Today is TAKE A HIKE DAY. I don’t understand why whoever is in charge of thinking up hokey holidays put this day in the middle of November. Where I live, it’s COLD. But, I guess I can’t complain, since the job of thinking up hokey holidays isn’t mine. But I will make a slight tweak to this holiday...just one word. THINK (instead of Take) A HIKE DAY. Now that’s a lot more bearable.
With that one word change, you can now stay in the luxury of your home, wrapped in a quilt in front of a fire with a cup of hot chocolate and just THINK, instead of putting on those hiking boots. I’m thinking right now of a memorable hike we did just last month with three other families. It will be remembered by most of us (except a 4 year old who got carried) as the HIKE FROM HELL!
We’d done a 5 mile hike (or bike for some) to Loon Lake. It had been quite enjoyable. We’d hiked through a stunning burnt forest with white and black trees in red fall ground cover. We’d seen creeks and grassy areas, then traversed through shady evergreen forests. When we reached the lake we ate lunch and sat and thrilled to the view and some rest, knowing we had to go back those same 5 miles we’d come.
Someone in our group suggested hiking around the lake to where a crashed WWII plane lay in the forest beyond. The beginning of the trail going there should have given us a clue (or warning). The lake emptied there and some stones and precarious logs had been stacked across, still letting the water through to the creek, but giving hikers a chance to cross without getting wet (if you’re a tightrope walker). Everyone decided to go, except 3 of us (Yours truly among the three wimps who stayed).

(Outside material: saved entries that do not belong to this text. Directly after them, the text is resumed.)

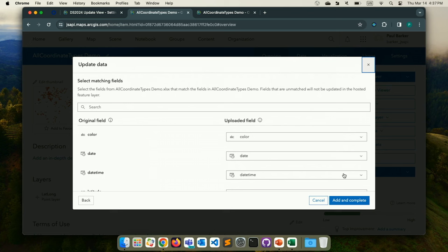All of these update options can be scripted in the Python API. The best practices don't really change whether it's large or small data. With that, we'll hand it over to Jim to talk about how the Living Atlas does this in real life.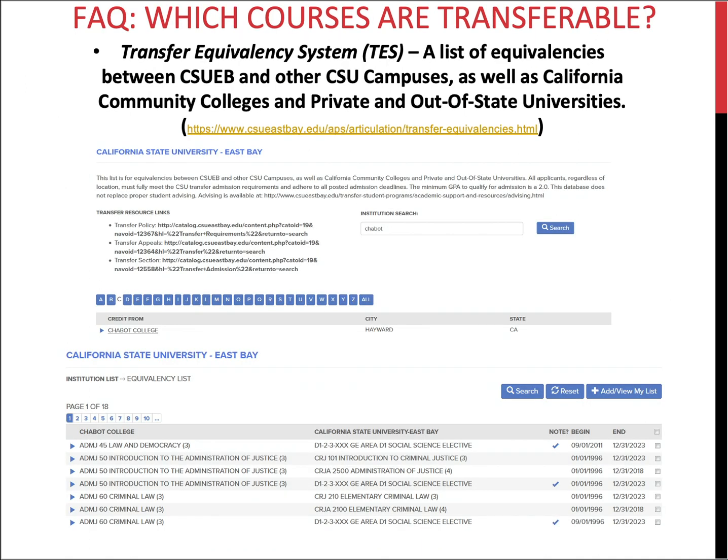Another resource is TESS, the Transfer Equivalency System. Using the link provided, enter the institution you attended and it will show a list of approved equivalencies between CSU East Bay and other CSU campuses, community or junior colleges, and private or out-of-state universities. It will sometimes show which GE area has been approved and may also list course-to-course articulations — for example, PSYC 125 Intro to Psychology from the University of Wyoming being equivalent to PSYC 100 General Psychology at CSU East Bay.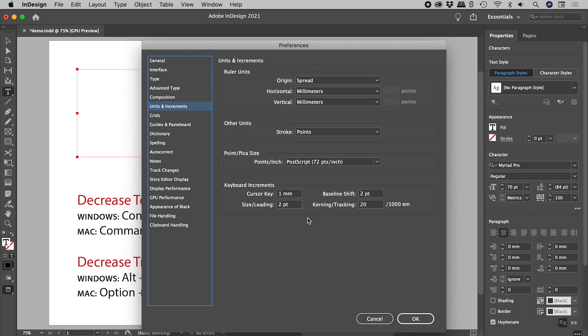Size and leading will now jump 1 point at a time. Kerning and tracking 10 units at a time.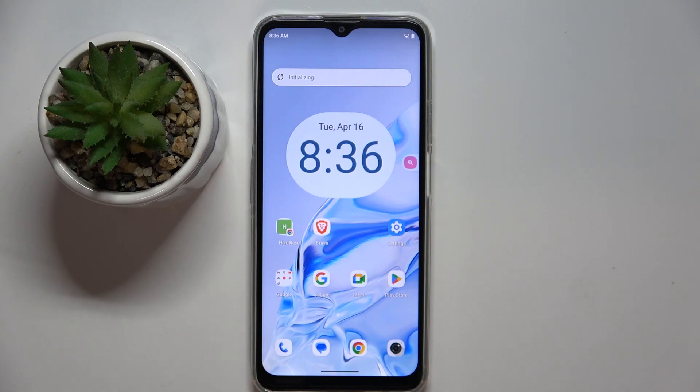Welcome guys, in front of me is the Cubot Note 15, and in this video I'm going to show you how to activate Google Assistant on this device.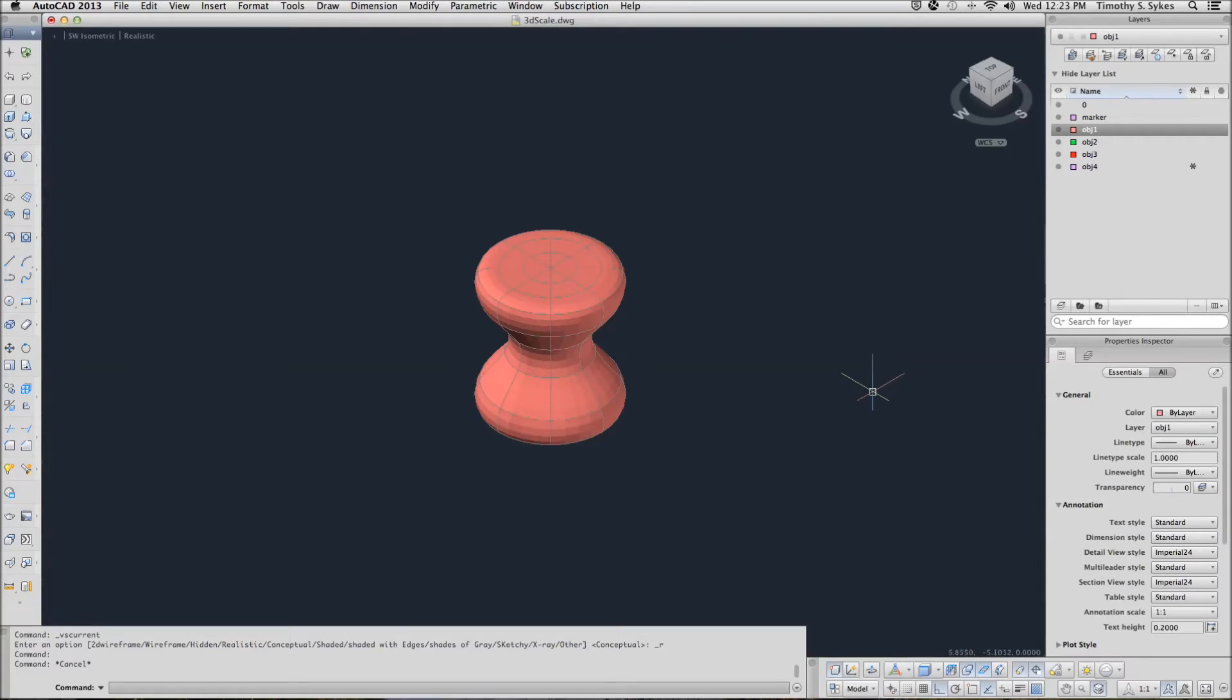What do you think? That looks pretty neat, don't you think? You can save your drawing and we'll move on to something else.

I felt a little twinge of regret as I watched the others leave…but my friend didn’t want to take her 3 year old over that log jam, and I didn’t want to leave her alone (at least that’s what I said to be noble). Truthfully, my feet already hurt and I didn’t want to go one step further than I had to since I knew we still had several hours back to the trailhead.
The others had assured us they’d be quick. My friend’s husband said, “We’ll be back in 30 minutes. Ten minutes to get there, 10 minutes to let the kids look around, then 10 minutes to get back.”
My friend and I had a relaxing time sitting by the lake watching her 3 year old eat dirt and play with bugs. We kept glancing around, hoping to see a sign of the rest of our group, but to no avail.
TWO HOURS LATER…the first of them came straggling back, covered in mud and scratches and looking battle worn. The dirty kids went into the lake, not caring about shoes or socks (they were already caked in knee deep mud, which wouldn’t come off in the water). That easy 10 minute trail had turned into muddy swamp and fallen trees from a fire a few years ago. They had doggedly kept going, knowing that any second they would come upon the wrecked aviation carnage.
Beware the words: “We’re almost there!” They are NEVER true!
Those poor souls kept going forward, knowing they “were almost there.” Their 10 minute hike became a 2 hour ordeal that left several with bloody wounds…and all of them utterly exhausted. My friend and I were quite rested and ready to head back when they returned. But all of those who had gone on that SHORT hike, dragged the rest of the 5 miles back to the trailhead, grumbling and mumbling under their breath about that DANG PLANE.